Climate Finance is the Cornerstone of the Paris Summit

We have talked a great deal about climate change over the past decade as a […]


We have talked a great deal about climate change over the past decade as a prospective issue. However, we must say it loudly: climate change is now.

In the Sahel region, between 1972 and 1984, droughts and desertification have brought about starvation and caused 100 000 deaths according to the UN. The number of climate refugees is growing consistently. There are 25 million persons every year according to a study of the Internal Displacement Monitoring Centre. They might reach 200 million within the next decades.

Climate change is now!

These realities are the reasons why I believe a failure of the Paris Summit would be unacceptable. In this process, the European Union has to lead the way and to ensure that the agreement encompasses all sectors and all countries in the world: this is why climate finance is such a cornerstone. If we do not include a strong and solid financial package in the COP21, developing countries won’t be on board, and half of the world won’t commit against climate change.

At the European Parliament, I am in charge of the initiative report that gives recommendations in order to reach and universal, binding and effective agreement to stay below the 2 degrees target. The spirit of my report is simple: a strong European commitment against climate change and solid financial aid to support the most vulnerable countries facing this phenomenon.

A leading EU against climate change

The first step to become a leader is to behave like one. Thus, I demand ambitious CO2 reduction targets in my report for the European Union. A reduction of at least 40% by 2030 in comparison with 1990 levels and a reduction of 95% by 2050 – which can be seen as a comprehensive phase out. But the European parliament is going further than the European Council and its position adopted on September 19th: we call for a binding target for renewables – 30% of our energy consumption by 2030 should be made of renewables – and we call for a 40% energy efficiency by 2030.

These three targets should embody the European commitment against climate change. With lower targets, we will not be able to mitigate CO2 enough in Europe.

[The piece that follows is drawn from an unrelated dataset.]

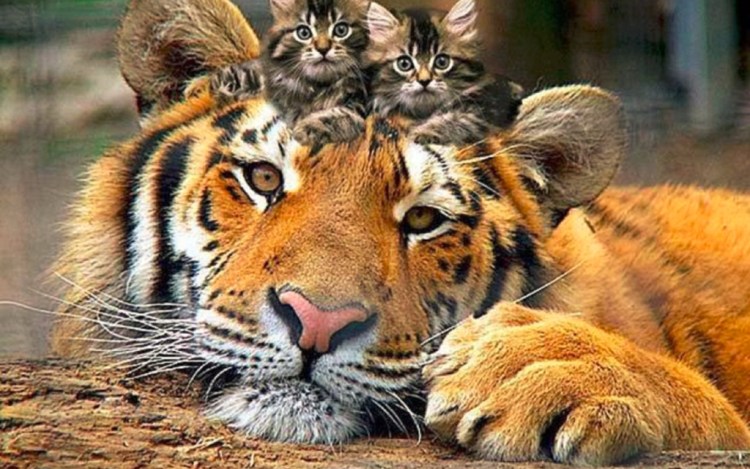 Кот и тигр вместе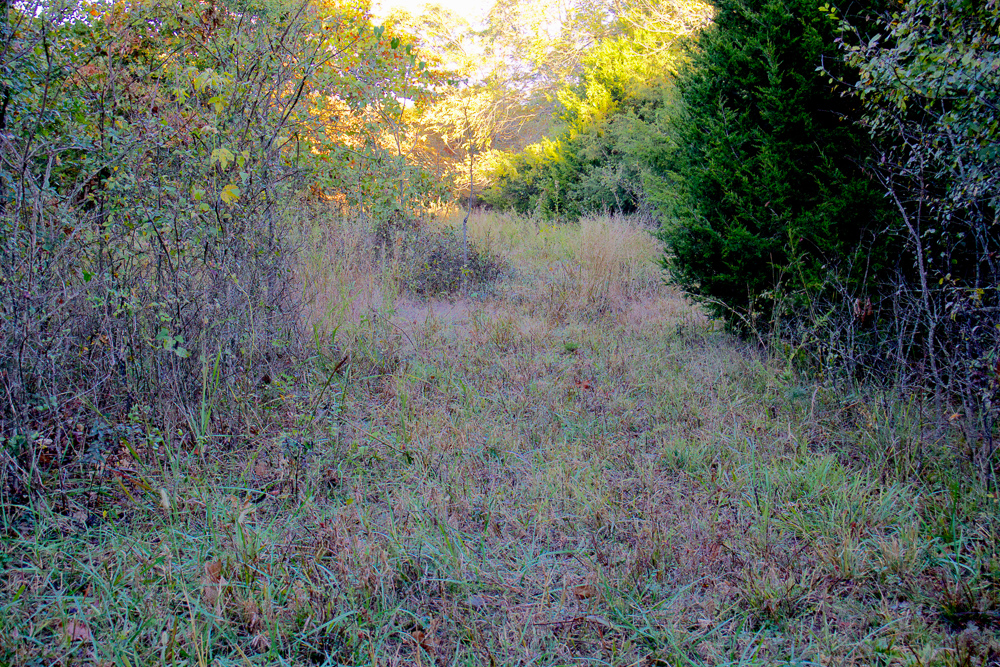 Premium Hunting Ground with Shop and Water Features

But to be frank, all the targets that developed countries can set will be of no use if an agreement is not reached by all the parties. All the targets without fresh money will not help the countries that are facing climate change right now.

Therefore my report puts forward the need for climate finance. It urges the parties to fund the Green Climate Fund in order to reach 100 billion dollars per year as of 2020. But we also need fresh money from innovative financing opportunities, for instance to define a proper carbon price so that it becomes cheaper to use eco-friendly technologies instead of most pollutant ones. Our EU Emission Trading System has already allowed the funding of innovative project such as “Nemo”: a thermal sea energy project that was made possible thanks to a 72 million euro funding. If a higher carbon price were to be set, we may find a lot more of other “Nemos”…

Another way to find fresh money is to enforce a Financial Transaction Tax in Europe. The enhanced cooperation by 11 Member States could make 35 million euros available every year. A part of its revenues should be allocated to the fight against climate change. My proposition was rejected by a very light majority, but the idea is making its way. I will keep on promoting it.

These are the ideas I promote and defend in my report that is still to be adopted on October 14th. The European Parliament is strongly committed to find a comprehensive agreement in Paris. The failure in Copenhagen is not an option anymore. The Paris Summit is not a conference to discuss but a conference to decide!